Pull out of the data below the stretch of lines bounded by the one containing "Women's Brogue Faux" and the one containing "Darian Fabric Sofa", both bounds included, unchanged.

━━━ Data extract ━━━

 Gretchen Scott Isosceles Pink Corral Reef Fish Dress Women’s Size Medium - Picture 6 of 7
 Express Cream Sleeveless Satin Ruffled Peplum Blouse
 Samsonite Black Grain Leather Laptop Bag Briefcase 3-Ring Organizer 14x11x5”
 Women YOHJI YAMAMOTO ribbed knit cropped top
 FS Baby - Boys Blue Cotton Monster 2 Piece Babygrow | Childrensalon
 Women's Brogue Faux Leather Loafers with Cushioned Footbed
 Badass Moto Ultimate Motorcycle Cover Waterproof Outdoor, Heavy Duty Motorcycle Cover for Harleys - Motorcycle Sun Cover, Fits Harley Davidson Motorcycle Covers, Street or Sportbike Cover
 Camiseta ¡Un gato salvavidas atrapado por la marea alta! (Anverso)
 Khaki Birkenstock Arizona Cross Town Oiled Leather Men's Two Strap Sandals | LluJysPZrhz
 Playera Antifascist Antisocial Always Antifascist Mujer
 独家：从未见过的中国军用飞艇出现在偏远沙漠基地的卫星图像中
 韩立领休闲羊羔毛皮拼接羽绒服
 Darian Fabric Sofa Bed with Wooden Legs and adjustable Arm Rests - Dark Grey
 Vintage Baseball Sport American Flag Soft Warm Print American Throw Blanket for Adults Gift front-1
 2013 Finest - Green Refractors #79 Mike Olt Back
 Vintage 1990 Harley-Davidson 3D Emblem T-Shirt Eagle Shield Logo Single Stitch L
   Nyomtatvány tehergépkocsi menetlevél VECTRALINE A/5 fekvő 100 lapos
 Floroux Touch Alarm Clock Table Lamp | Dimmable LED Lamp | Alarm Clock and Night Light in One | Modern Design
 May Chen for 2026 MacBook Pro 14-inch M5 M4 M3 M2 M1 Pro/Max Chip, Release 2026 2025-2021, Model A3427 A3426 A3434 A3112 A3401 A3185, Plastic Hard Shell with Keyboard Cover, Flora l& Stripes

━━━

Output of the task:
 Women's Brogue Faux Leather Loafers with Cushioned Footbed
 Badass Moto Ultimate Motorcycle Cover Waterproof Outdoor, Heavy Duty Motorcycle Cover for Harleys - Motorcycle Sun Cover, Fits Harley Davidson Motorcycle Covers, Street or Sportbike Cover
 Camiseta ¡Un gato salvavidas atrapado por la marea alta! (Anverso)
 Khaki Birkenstock Arizona Cross Town Oiled Leather Men's Two Strap Sandals | LluJysPZrhz
 Playera Antifascist Antisocial Always Antifascist Mujer
 独家：从未见过的中国军用飞艇出现在偏远沙漠基地的卫星图像中
 韩立领休闲羊羔毛皮拼接羽绒服
 Darian Fabric Sofa Bed with Wooden Legs and adjustable Arm Rests - Dark Grey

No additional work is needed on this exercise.